AIM OF THE TASK:
Retype, word for word, each line between the lines holding "Casă individuală cu" and "Snowy Owl Guelph, Ontario Canada", inclusive, and leave the rest of the data alone.

DATASET RECORDS:
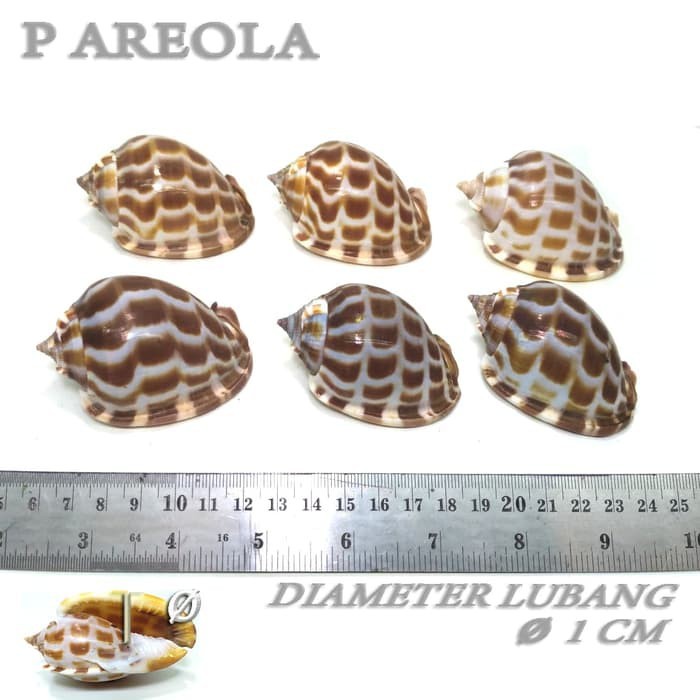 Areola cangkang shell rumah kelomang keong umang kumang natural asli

--

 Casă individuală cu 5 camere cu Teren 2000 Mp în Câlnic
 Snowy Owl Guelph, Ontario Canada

OUTPUT BELOW:
 Casă individuală cu 5 camere cu Teren 2000 Mp în Câlnic
 Snowy Owl Guelph, Ontario Canada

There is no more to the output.